→ **YOUR OBJECTIVE**:
All of the data that follows is to be written out exactly, with images excluded.

(Crawled caption data)
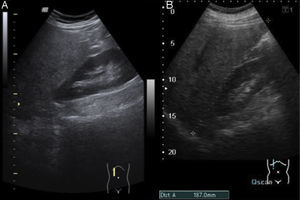 A)Corte longitudinal de hipocondrio derecho. Esteatosis (ecogenicidad hepática mayor que la corteza renal). B)Corte longitudinal de hipocondrio derecho. Hepatomegalia (eje longitudinal de unos 18cm).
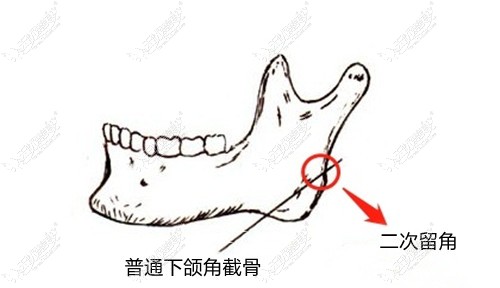普通下颌角截骨手术成效
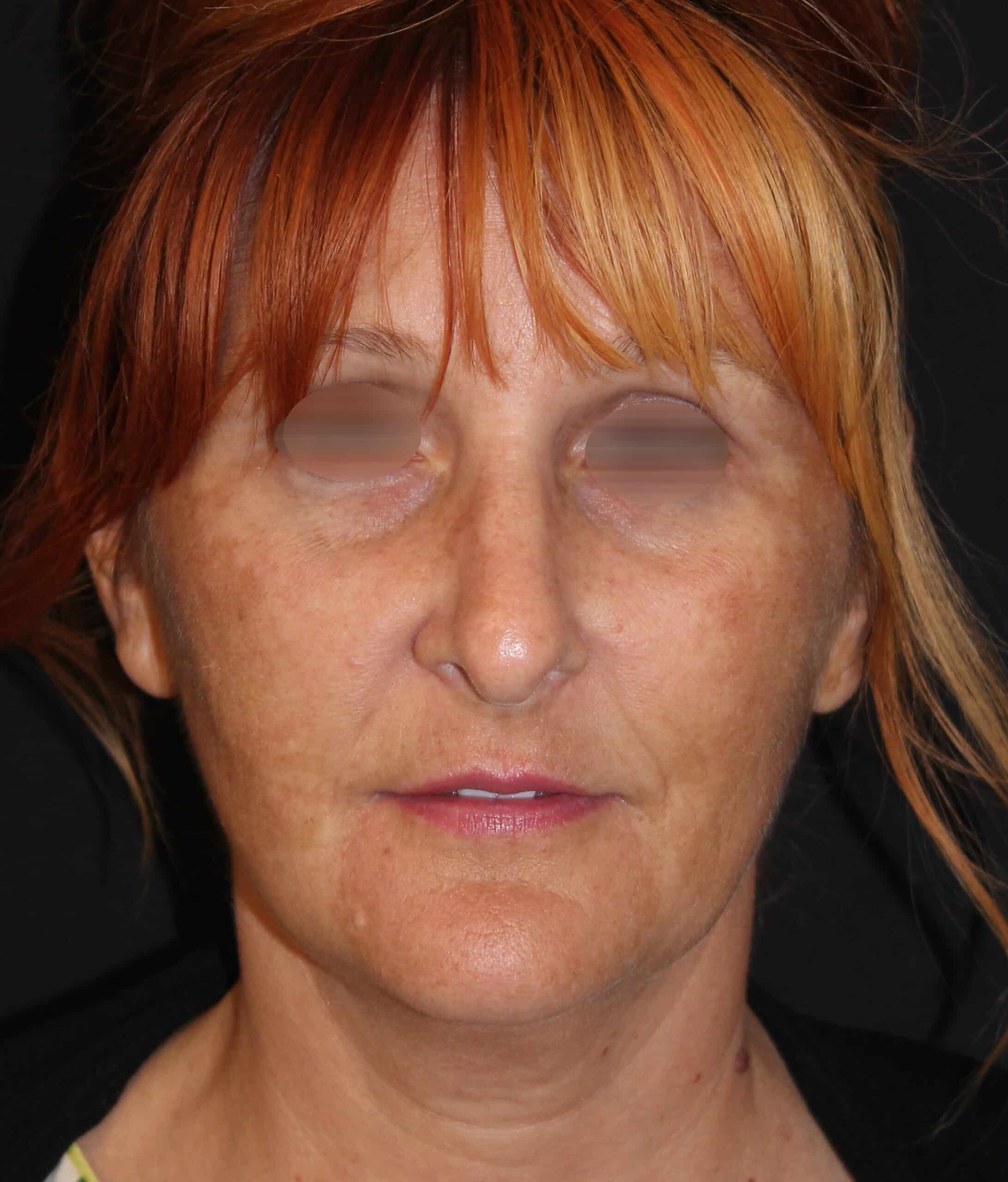 Patient 96 Before Image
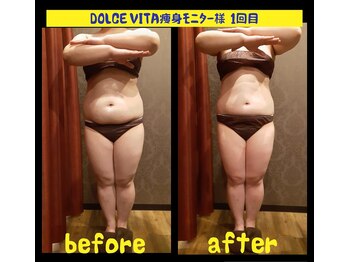 ドルチェヴィータ(DOLCE VITA)/痩身ダイエット1回でこの効果！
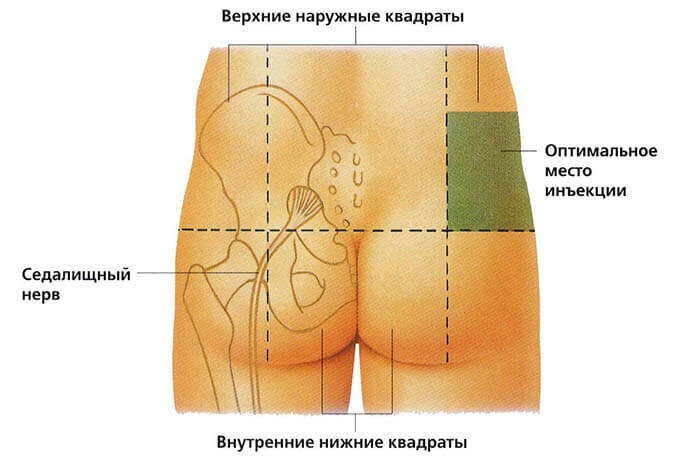 Как Правильно Сделать Укол В Ягодицу В Домашних Условиях.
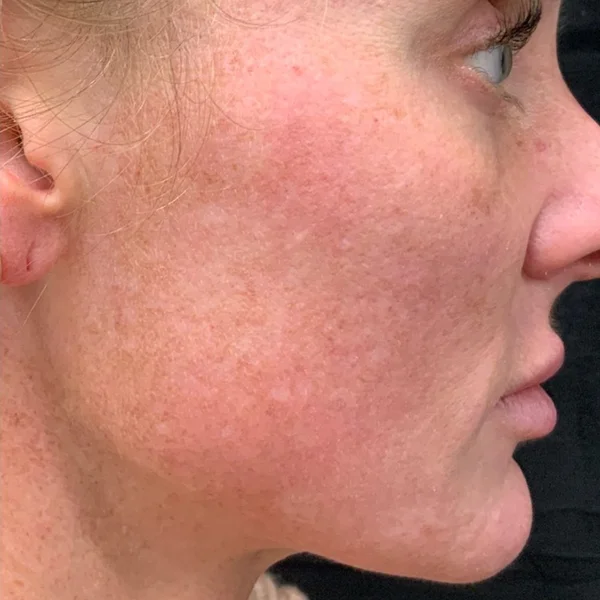 HALO Laser skin resurfacing results case 5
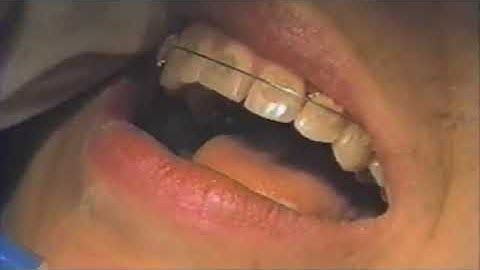 Wire Bending: 2nd Order Bends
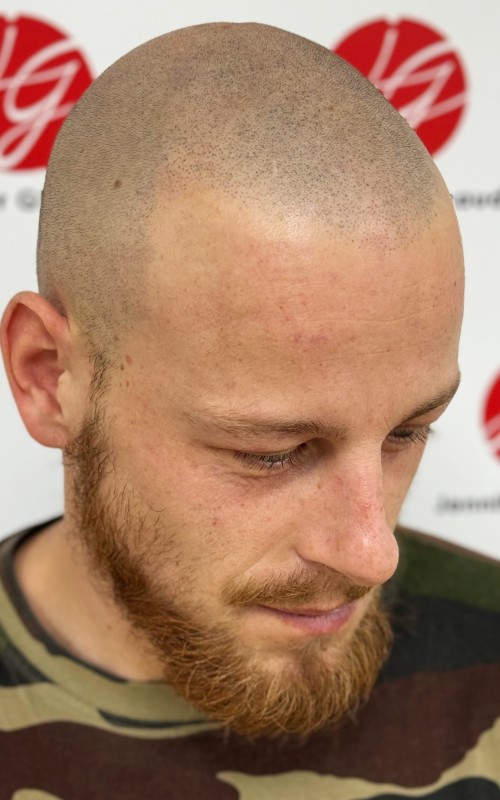 Après tricopigmentation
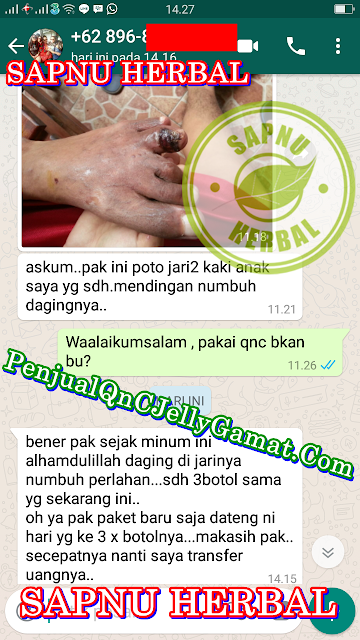 Obat Tradisional Untuk Luka Menganga Obat Tradisional Untuk Luka Menganga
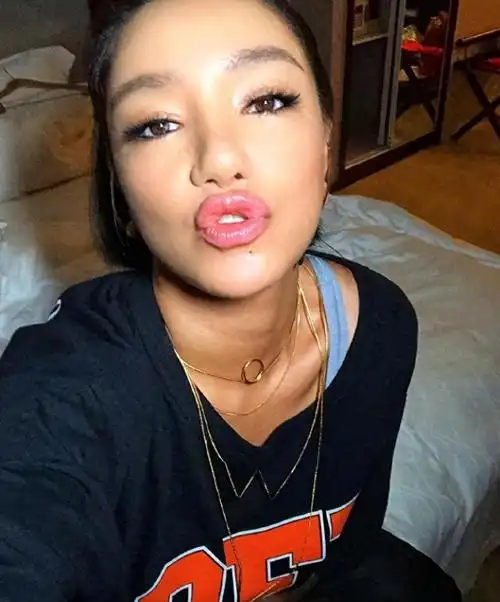 超女冠军江映蓉:过度医美后像"怪物",全身仅剩眼珠是自己的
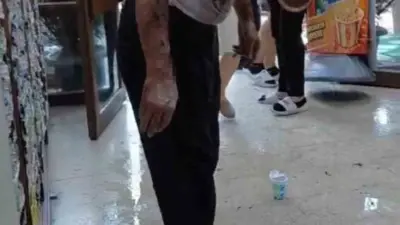 Bursa’da bir işhanında tıkanan lavabo giderini açmak için dökülen güçlü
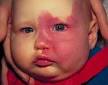 A <b>port wine stain</b> is a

→ **ANSWER BOX**:
 A)Corte longitudinal de hipocondrio derecho. Esteatosis (ecogenicidad hepática mayor que la corteza renal). B)Corte longitudinal de hipocondrio derecho. Hepatomegalia (eje longitudinal de unos 18cm).
普通下颌角截骨手术成效
 Patient 96 Before Image
 ドルチェヴィータ(DOLCE VITA)/痩身ダイエット1回でこの効果！
 Как Правильно Сделать Укол В Ягодицу В Домашних Условиях.
 HALO Laser skin resurfacing results case 5
 Wire Bending: 2nd Order Bends
 Après tricopigmentation
 Obat Tradisional Untuk Luka Menganga Obat Tradisional Untuk Luka Menganga
 超女冠军江映蓉:过度医美后像"怪物",全身仅剩眼珠是自己的
 Bursa’da bir işhanında tıkanan lavabo giderini açmak için dökülen güçlü
 A <b>port wine stain</b> is a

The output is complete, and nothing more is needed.